Here are some thoughts concerning a church’s budget. These thoughts are in no particular order of relevance or importance.
- A budget communicates what is important to a church. Suffice it to say, if you, as a pastor speak about the great lostness around the world but there is a minimal amount of your budget allocated towards that burden than you and your church are not really burdened, at least not to the point where money is doing any talking. And we all know money talks.
- A budget is a highly spiritual document. Of course I don’t mean in any inspirational sense like that of the Scriptures but I do mean that even line-items such as “general operating expenses” are a stewardship issue. No such dichotomy of sacred and secular exists. All of life is sacred, even the infamous budget planning meetings (or whatever your church calls them).
- Pastors should seek to influence the planning of a church’s budget. If you’re in a position to exert influence in the development and presentation of your church’s budget and you’re simply not engaged in any capacity you’re squandering an opportunity to cast influence in leading the church to embrace certain values and priorities.
- Not exerting influence over a church’s budget is an abdication in some capacity of pastoral leadership. Yes, I am fully aware that it takes more time at some churches than it does others to exert influence, but my point is that a pastor should at the very least be attempting to wield influence in this area rather than abdicate it. Why? Because a church’s budget is more than a bunch of numbers. A church budget communicates what’s important to that church.

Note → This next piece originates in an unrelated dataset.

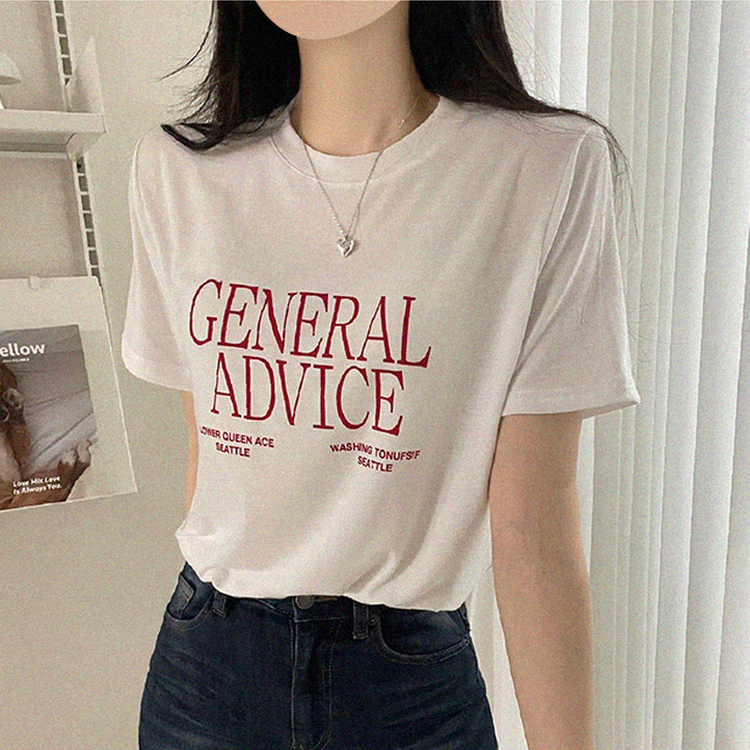 レタリングベーシック半袖Tシャツ WHITE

- Planning and implementing a budget is very much a discipleship issue. Discipleship can happen in instances other than the one-on-one meeting with another brother or sister whereby you teach them about the Scriptures and point them to Jesus. It can and should happen as you walk through line-item after line-item with your stewardship team (or whatever your church calls it) and explain why you’re doing this or not doing that, while grounding it in the word.
Hopefully your church continues to increase its financial intentionality of making much of Jesus because He deserves the very best in every area of our church-life, even a bunch of numbers that comprise a budget.
“A budget is simply the pastor’s vision set to numbers,” me paraphrasing someone else. If he’s not deeply involved in the resulting allocation of funds and the motivation of responsible parties to submit detailed requests then he’s not leading properly. The budget/finance committee should not become the de facto elder body by default during budget season.